(Brief descriptive captions)
____

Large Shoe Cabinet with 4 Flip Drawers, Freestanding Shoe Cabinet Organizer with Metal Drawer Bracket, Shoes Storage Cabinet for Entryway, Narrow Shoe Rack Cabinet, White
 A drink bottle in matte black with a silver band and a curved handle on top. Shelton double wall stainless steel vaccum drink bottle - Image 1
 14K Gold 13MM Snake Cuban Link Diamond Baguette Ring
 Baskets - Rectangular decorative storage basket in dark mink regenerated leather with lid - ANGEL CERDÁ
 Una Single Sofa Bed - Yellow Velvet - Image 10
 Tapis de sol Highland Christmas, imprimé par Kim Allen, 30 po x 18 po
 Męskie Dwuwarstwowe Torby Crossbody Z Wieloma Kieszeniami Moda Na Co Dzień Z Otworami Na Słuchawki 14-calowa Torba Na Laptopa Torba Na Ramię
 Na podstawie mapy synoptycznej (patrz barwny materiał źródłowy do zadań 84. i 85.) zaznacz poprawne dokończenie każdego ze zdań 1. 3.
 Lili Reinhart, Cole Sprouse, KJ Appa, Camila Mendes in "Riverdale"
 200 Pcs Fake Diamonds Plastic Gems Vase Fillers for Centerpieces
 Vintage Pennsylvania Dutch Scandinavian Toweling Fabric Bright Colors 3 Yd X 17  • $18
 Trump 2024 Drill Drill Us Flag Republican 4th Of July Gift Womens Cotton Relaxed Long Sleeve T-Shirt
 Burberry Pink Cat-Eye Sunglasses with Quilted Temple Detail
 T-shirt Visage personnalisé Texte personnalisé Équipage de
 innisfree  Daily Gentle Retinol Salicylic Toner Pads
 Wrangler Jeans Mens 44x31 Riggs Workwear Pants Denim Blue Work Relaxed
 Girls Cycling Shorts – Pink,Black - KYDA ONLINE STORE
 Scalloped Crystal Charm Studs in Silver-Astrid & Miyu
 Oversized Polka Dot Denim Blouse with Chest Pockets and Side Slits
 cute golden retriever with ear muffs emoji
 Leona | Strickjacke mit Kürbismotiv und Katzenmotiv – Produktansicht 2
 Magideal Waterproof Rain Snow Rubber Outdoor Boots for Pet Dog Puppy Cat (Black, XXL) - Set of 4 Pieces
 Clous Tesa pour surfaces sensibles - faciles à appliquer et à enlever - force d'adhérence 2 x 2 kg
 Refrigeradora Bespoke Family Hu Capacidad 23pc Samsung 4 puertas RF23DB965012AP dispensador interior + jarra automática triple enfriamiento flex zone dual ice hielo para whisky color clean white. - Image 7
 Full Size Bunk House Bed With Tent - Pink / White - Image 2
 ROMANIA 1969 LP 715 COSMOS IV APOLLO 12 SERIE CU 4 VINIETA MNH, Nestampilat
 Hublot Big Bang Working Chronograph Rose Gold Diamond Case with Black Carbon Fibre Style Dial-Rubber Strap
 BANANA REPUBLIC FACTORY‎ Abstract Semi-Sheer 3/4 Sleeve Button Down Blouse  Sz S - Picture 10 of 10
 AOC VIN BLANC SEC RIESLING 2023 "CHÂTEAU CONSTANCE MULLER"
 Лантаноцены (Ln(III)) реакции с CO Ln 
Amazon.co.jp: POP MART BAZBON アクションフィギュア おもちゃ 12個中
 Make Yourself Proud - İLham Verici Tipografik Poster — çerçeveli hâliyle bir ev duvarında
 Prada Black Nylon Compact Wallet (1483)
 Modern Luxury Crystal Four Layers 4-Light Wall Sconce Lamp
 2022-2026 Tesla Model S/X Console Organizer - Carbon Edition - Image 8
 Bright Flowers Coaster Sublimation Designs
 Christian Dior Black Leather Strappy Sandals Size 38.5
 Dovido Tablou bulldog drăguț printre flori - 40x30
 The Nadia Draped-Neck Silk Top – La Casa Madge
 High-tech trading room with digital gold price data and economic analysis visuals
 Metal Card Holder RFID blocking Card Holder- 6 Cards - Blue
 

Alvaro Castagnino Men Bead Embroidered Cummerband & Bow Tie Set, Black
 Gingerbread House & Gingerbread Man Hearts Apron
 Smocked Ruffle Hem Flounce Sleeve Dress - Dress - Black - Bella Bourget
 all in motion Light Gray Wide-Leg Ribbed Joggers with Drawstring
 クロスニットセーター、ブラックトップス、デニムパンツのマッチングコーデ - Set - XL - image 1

____

Copy out each line of the data that has the word "Metal" in it.

▶ Exercise result:
Large Shoe Cabinet with 4 Flip Drawers, Freestanding Shoe Cabinet Organizer with Metal Drawer Bracket, Shoes Storage Cabinet for Entryway, Narrow Shoe Rack Cabinet, White
 Metal Card Holder RFID blocking Card Holder- 6 Cards - Blue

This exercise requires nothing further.